__EXERCISE BRIEF__.
Once the pictures are set aside, output all the records exactly.

__INFORMATION GIVEN__.
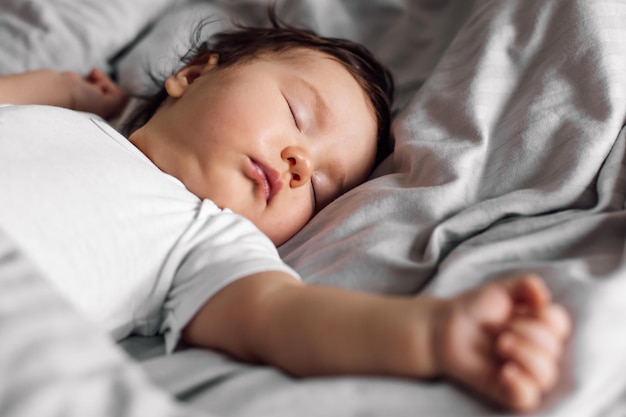 Porträt des Babys in Nachtwäsche, das zu Hause unter der Decke auf dem Bett liegt. Schlafendes Kleinkind im Schlafzimmer, siehe süßer Traum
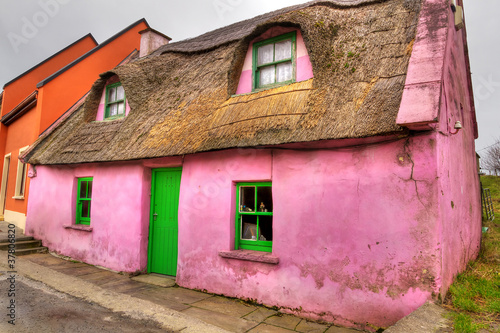 Pink cottage house in Doolin, Co. Clare, Ireland photo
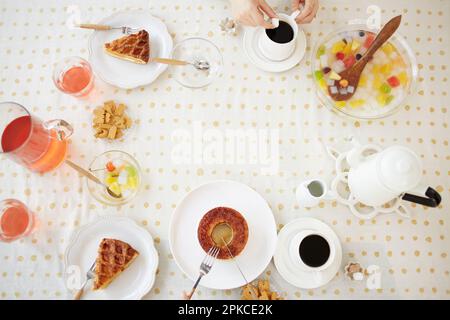 Woman drinking coffee with a table full of sweets Stock Photo
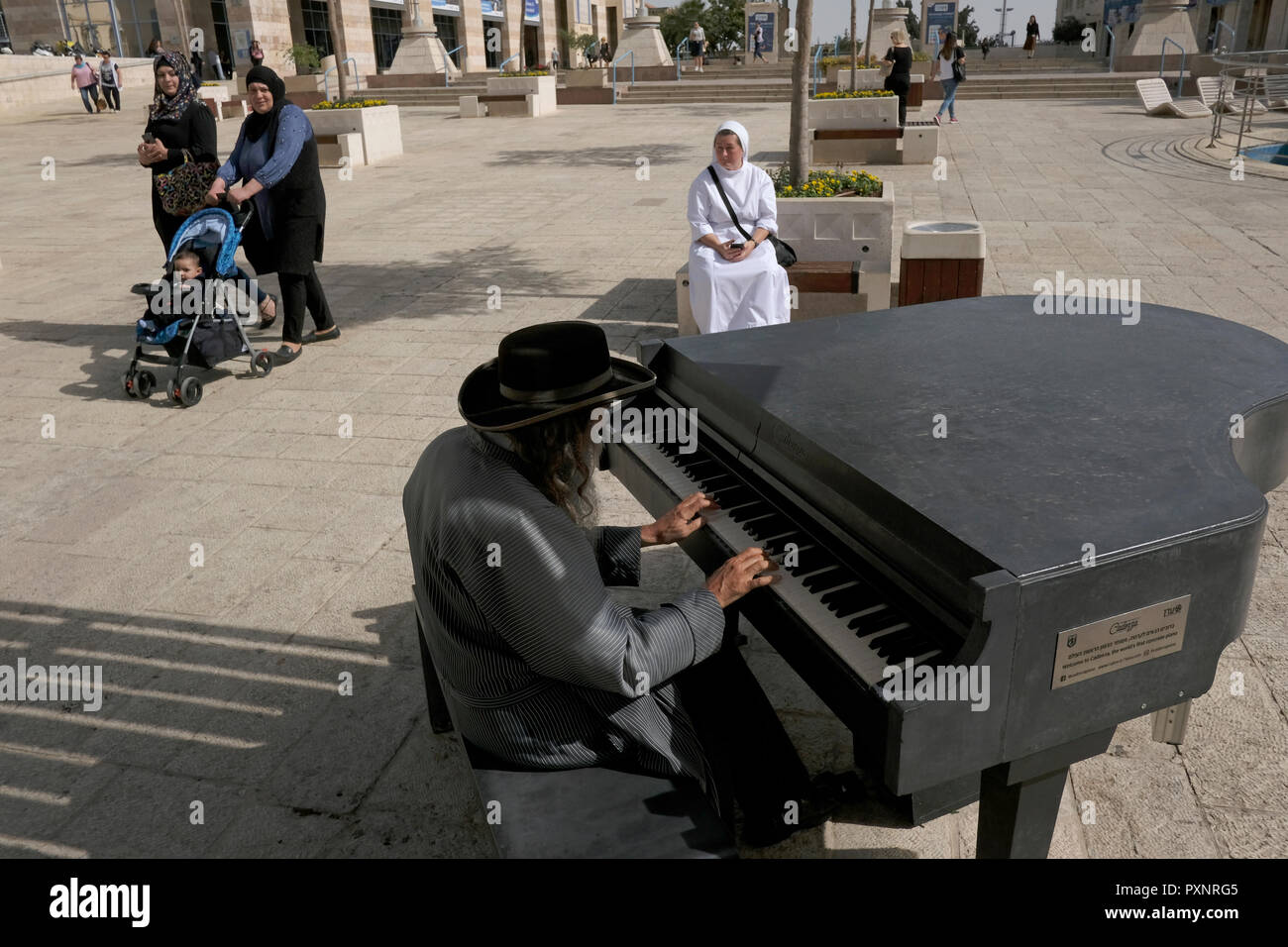 Palästinensische Frauen und einer katholischen Nonne in einem ultra-orthodoxe Juden suchen Spielen ein Klavier aus Beton durch die Kadenz in Safra Square auf der Jaffa Road West Jerusalem Israel Stockfoto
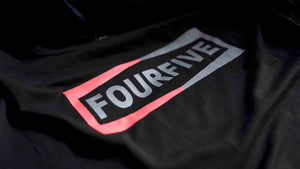 A Fourfive 45 black Champ t shirt close up of the Fourfive champ graphics at a 45 degree angle with dramatic lighting.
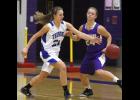 Raelyn Miller (L) steals a pass during the Thunder’s game against Melrose. The senior was named to the All-Conference team and was named LPGE’s Defensive MVP.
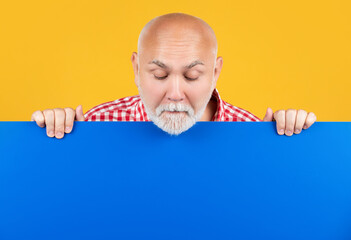 amazed senior man with copy space on blank banner. advertisement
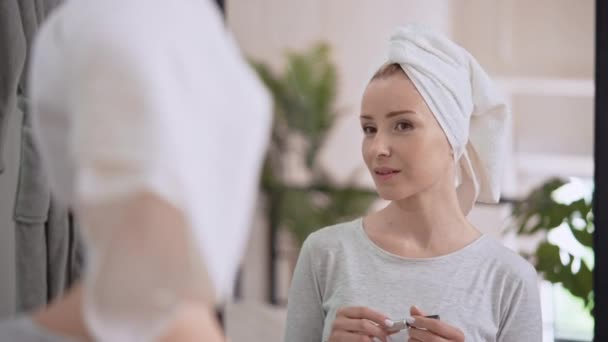 Vrouw aanbrengen make-up op het gezicht thuis — Stockvideo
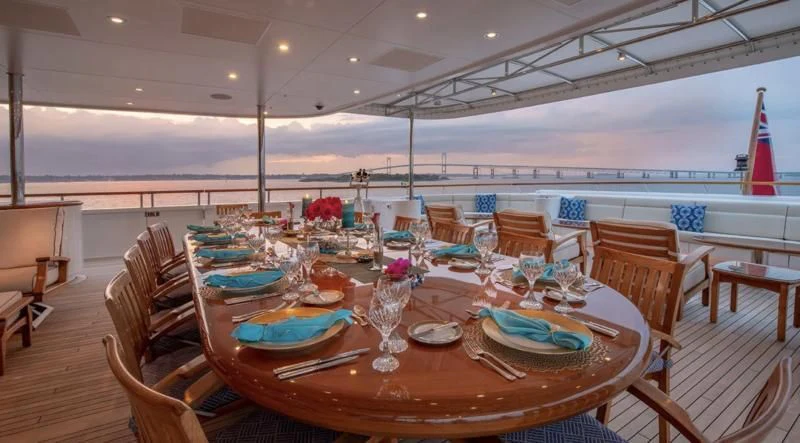 a table set with plates and glasses aboard LAUREL Yacht for Charter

__EXERCISE OUTPUT__.
 Porträt des Babys in Nachtwäsche, das zu Hause unter der Decke auf dem Bett liegt. Schlafendes Kleinkind im Schlafzimmer, siehe süßer Traum
 Pink cottage house in Doolin, Co. Clare, Ireland photo
 Woman drinking coffee with a table full of sweets Stock Photo
 Palästinensische Frauen und einer katholischen Nonne in einem ultra-orthodoxe Juden suchen Spielen ein Klavier aus Beton durch die Kadenz in Safra Square auf der Jaffa Road West Jerusalem Israel Stockfoto
 A Fourfive 45 black Champ t shirt close up of the Fourfive champ graphics at a 45 degree angle with dramatic lighting.
 Raelyn Miller (L) steals a pass during the Thunder’s game against Melrose. The senior was named to the All-Conference team and was named LPGE’s Defensive MVP.
 amazed senior man with copy space on blank banner. advertisement
 Vrouw aanbrengen make-up op het gezicht thuis — Stockvideo
 a table set with plates and glasses aboard LAUREL Yacht for Charter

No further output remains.